ILO sözleşmelerinde uyum ve AB üyelik sürecinde ilerleme sağlamak, 19.
Sosyal, Politika ve İstihdam Faslının açılış kriterinin yerine getirilmesi
amacıyla toplu iş ilişkilerini düzenleyen kanunların özgürlükçü bir tutumla ele
alındığını dile getiren Batur, şöyle konuştu:
Bu kapsamda kanun hazırlık çalışmalarında, üçlü danışma kurulunun yanında
çalışma hayatının aktörlerinin üzerinde büyük ölçüde mutabakat sağladığı bir
metin ortaya çıkmıştır. Bu metinde örgütlenmenin önündeki engellerin
kaldırılması, sendikal model ve toplu sözleşme düzeninin demokratik toplumlar
düzeyine çıkarılması, çalışma barışının sağlanması, uygulamadan kaynaklanan
sorunların giderilmesi, Uluslararası Çalışma Örgütünün eleştirilerinin
karşılanması için gerekli düzenlemeler yapılmıştır. Bu çalışmalar neticesinde
Türk endüstri ilişkileri sistemini ileri taşıyan, çağın değerlerini yansıtan ve
aynı zamanda Türk çalışma hayatının sorunlarına köklü çözüm getirmeyi amaçlayan
6356 sayılı Sendikalar ve Toplu İş Sözleşmesi Kanunu 18 Ekim 2012 tarihinde kabul
edilmiştir.
-Kıdem tazminatı-
Türkiye İşveren Sendikaları Konfederasyonu (TİSK) Yönetim Kurulu Başkanı
Tuğrul Kudatgobilik de dünyada büyüyen tek ülkenin Türkiye olduğunu söyledi.

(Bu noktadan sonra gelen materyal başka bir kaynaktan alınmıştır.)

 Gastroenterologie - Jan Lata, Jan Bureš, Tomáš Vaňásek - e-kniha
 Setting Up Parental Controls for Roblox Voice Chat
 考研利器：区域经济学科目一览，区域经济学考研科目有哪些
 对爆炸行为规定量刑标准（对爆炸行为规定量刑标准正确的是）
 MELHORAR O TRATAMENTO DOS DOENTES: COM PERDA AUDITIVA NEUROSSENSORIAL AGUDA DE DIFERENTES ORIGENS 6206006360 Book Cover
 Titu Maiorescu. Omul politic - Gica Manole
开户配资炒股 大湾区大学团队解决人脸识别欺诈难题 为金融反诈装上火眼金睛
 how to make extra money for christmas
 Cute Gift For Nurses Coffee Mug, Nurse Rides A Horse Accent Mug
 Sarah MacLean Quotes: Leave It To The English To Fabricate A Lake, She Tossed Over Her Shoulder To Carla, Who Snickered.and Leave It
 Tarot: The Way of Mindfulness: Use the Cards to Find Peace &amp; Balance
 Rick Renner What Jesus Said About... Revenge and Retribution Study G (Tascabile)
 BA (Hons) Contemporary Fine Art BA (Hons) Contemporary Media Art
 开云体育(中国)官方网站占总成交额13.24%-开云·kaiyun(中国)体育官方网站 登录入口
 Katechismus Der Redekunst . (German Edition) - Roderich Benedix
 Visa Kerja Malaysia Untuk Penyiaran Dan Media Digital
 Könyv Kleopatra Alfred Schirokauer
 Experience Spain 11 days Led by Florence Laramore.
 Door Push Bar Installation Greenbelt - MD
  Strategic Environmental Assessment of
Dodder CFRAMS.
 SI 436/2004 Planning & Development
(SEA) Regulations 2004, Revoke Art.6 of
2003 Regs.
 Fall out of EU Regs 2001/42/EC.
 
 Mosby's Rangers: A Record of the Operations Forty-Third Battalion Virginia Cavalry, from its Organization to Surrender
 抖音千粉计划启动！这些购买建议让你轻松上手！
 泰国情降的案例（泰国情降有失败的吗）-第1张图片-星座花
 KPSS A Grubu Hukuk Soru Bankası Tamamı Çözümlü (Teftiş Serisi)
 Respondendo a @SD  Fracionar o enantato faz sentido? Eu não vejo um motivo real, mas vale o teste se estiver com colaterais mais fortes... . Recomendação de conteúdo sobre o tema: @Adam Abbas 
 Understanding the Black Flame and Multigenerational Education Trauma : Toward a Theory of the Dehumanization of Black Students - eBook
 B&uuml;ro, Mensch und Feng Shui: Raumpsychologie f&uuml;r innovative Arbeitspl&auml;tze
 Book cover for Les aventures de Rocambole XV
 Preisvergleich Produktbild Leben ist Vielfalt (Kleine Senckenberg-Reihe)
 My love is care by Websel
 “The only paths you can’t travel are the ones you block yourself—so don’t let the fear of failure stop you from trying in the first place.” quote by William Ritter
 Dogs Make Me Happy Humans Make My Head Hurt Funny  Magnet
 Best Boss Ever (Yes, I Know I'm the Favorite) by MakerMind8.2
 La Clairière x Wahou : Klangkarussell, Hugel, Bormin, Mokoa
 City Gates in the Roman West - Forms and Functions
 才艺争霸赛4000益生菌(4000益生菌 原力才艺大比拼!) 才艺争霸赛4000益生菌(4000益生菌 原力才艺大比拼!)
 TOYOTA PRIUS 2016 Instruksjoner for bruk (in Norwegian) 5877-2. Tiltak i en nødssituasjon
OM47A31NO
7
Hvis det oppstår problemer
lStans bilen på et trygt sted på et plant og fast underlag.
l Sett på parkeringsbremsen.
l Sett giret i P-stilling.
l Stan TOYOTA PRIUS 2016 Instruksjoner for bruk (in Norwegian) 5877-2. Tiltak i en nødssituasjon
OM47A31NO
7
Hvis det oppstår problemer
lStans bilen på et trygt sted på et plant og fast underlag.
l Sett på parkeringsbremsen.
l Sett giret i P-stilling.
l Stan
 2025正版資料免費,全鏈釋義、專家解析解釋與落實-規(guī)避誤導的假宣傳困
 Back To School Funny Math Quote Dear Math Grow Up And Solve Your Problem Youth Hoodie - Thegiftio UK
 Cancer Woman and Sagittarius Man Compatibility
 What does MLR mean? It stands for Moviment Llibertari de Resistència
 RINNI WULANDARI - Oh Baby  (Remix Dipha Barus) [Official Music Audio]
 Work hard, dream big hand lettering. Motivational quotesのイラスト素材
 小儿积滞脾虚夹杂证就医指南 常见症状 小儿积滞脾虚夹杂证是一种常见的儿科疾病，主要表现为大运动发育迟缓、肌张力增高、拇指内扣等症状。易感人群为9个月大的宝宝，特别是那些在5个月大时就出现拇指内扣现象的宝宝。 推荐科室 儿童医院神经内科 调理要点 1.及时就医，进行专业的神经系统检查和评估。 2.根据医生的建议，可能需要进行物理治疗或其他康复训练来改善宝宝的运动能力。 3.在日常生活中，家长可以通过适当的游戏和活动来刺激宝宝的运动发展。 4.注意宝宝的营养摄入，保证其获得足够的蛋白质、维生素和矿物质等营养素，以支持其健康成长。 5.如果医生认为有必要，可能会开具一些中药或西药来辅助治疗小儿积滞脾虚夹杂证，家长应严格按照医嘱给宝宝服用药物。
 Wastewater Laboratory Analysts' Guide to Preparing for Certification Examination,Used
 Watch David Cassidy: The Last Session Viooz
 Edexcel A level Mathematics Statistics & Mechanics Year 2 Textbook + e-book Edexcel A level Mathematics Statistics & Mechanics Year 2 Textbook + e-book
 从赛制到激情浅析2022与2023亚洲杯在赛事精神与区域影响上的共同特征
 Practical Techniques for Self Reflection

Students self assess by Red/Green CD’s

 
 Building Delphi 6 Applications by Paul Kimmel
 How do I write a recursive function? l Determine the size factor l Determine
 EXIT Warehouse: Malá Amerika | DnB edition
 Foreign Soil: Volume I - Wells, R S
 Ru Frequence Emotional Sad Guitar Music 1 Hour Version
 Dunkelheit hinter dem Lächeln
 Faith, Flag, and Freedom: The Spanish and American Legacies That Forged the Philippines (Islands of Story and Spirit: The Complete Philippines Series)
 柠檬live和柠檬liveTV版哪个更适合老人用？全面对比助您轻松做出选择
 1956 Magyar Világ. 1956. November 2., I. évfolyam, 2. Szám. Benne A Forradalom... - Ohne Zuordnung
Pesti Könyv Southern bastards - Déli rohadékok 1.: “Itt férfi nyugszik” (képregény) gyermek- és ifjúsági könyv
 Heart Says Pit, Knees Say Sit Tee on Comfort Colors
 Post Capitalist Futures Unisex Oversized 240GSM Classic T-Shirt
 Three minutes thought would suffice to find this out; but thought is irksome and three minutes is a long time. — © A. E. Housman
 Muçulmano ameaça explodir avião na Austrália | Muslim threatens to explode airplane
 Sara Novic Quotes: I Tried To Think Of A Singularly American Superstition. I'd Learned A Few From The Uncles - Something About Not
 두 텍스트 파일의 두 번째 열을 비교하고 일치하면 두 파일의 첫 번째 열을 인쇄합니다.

Çinin büyüme oranını 11den 7,5 düştüğünü, 2013 ve 2014 yıllarında
Japonyanın büyüme oranının yüzde 1 ile 0 arasında olduğunu, Avrupa Birliğinde
büyüme oranının -1lerde olmasının beklendiğini belirten Kudatgobilik, şunları
kaydetti:
Amerika durdu. Latin Amerika, bir, iki puan oynuyor. Türkiye yükselen
yıldız oldu. Neyle- Türkiye sanayiyle Türk sanayi mamulü ihracatıyla bunu
başardı. Onun için bu kanunun birinci amacı, Türk sanayisinin yücelmesi, rekabet
gücünün artması ve istihdamın önüne engel teşkil etmemesidir. Tabi insan
haklarına, işçilere ve gelişmeye saygılı olacağız, kadın istihdamının arkasında
duracağız. Asla suiistimal etmeyeceğiz. Kanunu limitlere uyacağız. İş sağlığı ve
güvenliği, işverenlerin bir numaralı konusudur ifadesini kullandı.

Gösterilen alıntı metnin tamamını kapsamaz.